Countdown to College: You’re Not The One Off to College, Parents
If you want a good chuckle about parents overstepping their boundaries, check out http://www.collegeconfidential.com, a great college resource with blogs and chats.
On a thread about helicopter parents, one mom volunteered that her mother-in-law opened her husband’s letter from Harvard and when she saw that he had been accepted, she threw it away! Seriously, she tossed the letter and never told her son. This was a while ago, before computers, and he assumed that no communication from Harvard meant that he wasn’t accepted, so he matriculated at another college. The mom never told her son what she had done, and he just found out 15 years ago from his sister. The mom’s reaction was, “Oh, I just love you so much that I didn’t want you to be that far away.”
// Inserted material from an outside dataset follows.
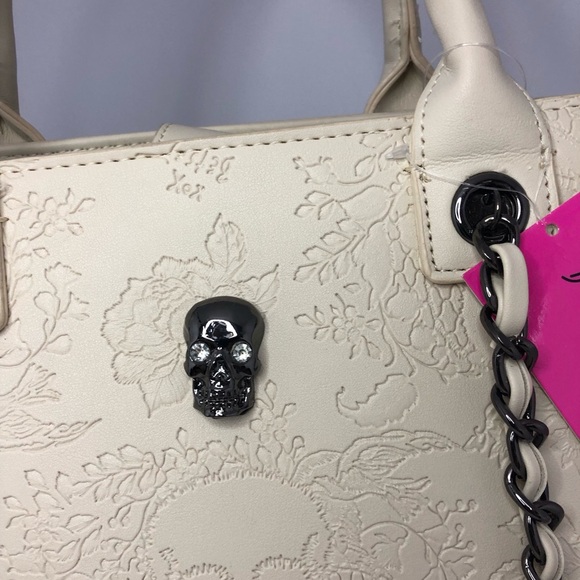 BETSEY JOHNSON NWT Large Skull Floral Embossed XOKIARA Tote Bag Cream - Picture 3 of 14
With that in mind, here are some parental don’ts:
Don’t write their essays. Don’t over-edit their essays and turn them into something that you think the admissions office wants to read, you’re probably wrong.
Don’t talk too much on the campus visit. Keep your questions to a minimum or ask your child to ask your questions. Don’t introduce your child to admissions people, allow them to take the lead and introduce you.
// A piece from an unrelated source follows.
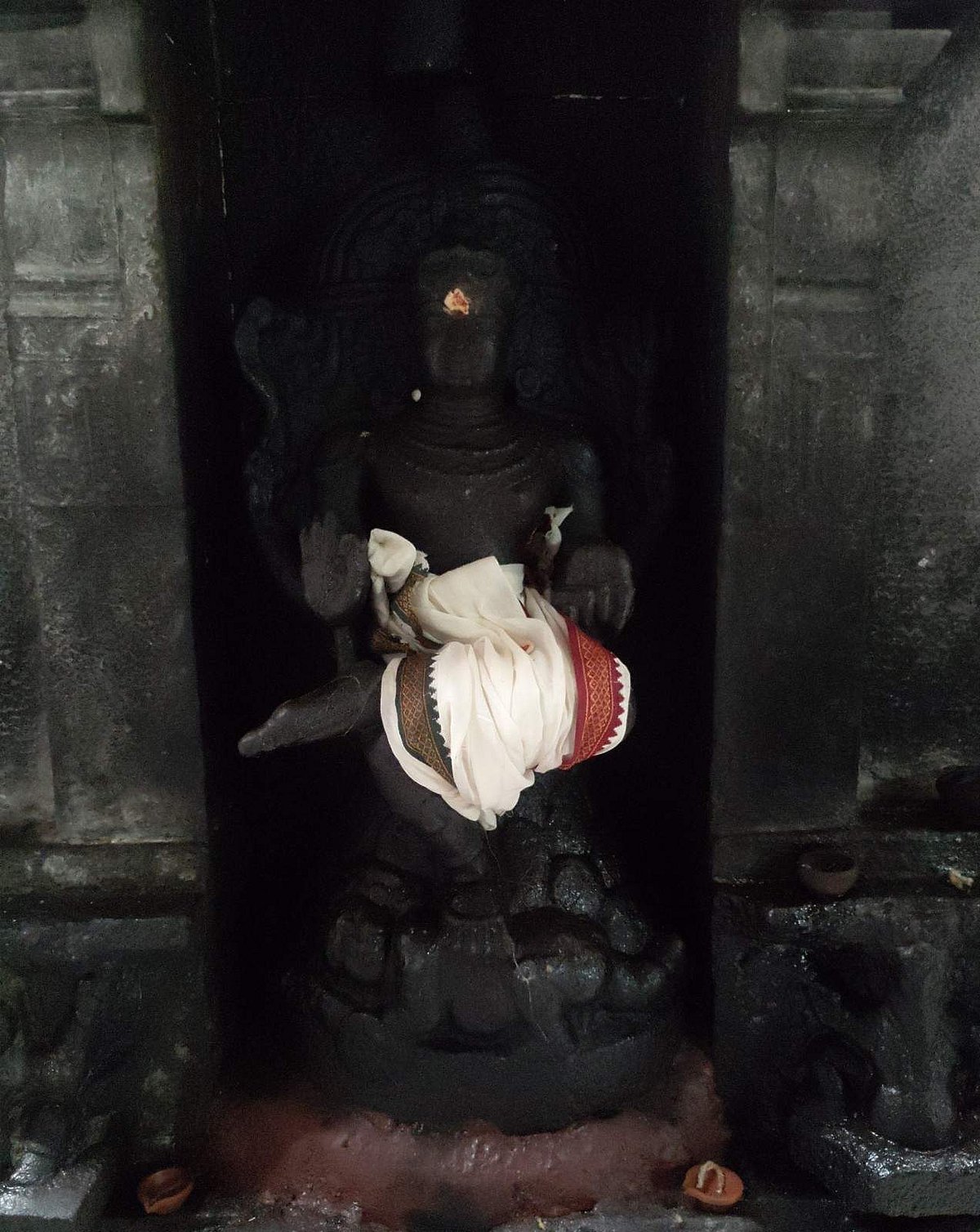  சிறப்பு வாய்ந்த பாத தரிசன தட்சிணாமூர்த்தி   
Don’t ever refer to this as being “our” college admissions process. The first slip-up for parents is when you hear them say “we’re applying” or “we interviewed,” etc. This is the student’s process, their visit, their application, their essay and their interview.
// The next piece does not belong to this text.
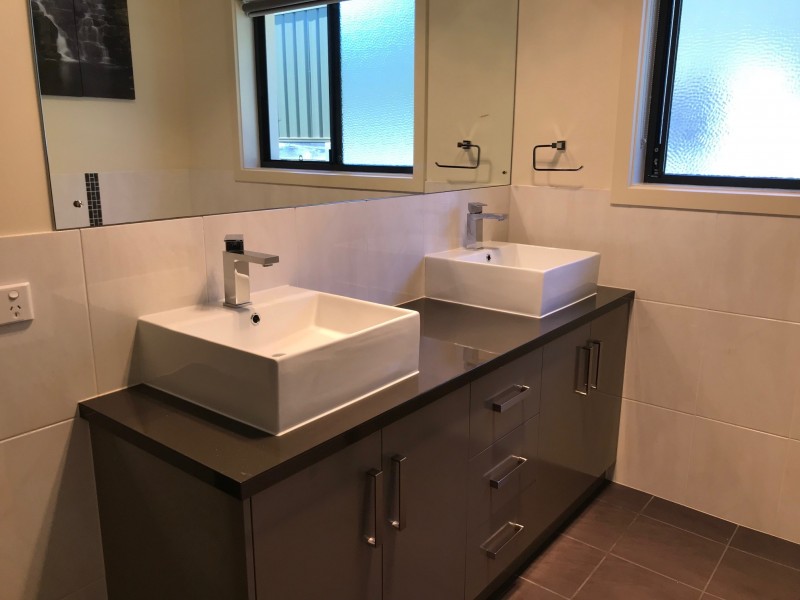 3 SILVERBROOK AVENUE, Mount Gambier SA 5290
Don’t limit your student’s choices based exclusively on price. According to recent research by Princeton Review, only 20 percent of the 17 million college students pay the entire cost of their college education. That means 80 percent of students are receiving some form of financial aid; merit-based, need-based, grants, work-study and loans. Most of this aid (80 percent to 85 percent) comes directly from the colleges and universities.
Students need to rise to the occasion and take ownership of the process. Parents who shoulder too much of the responsibility reduce their child’s self-confidence. Turning over the reins earlier in the process and empowering your child, while often stressful, teaches everyone a multitude of lessons.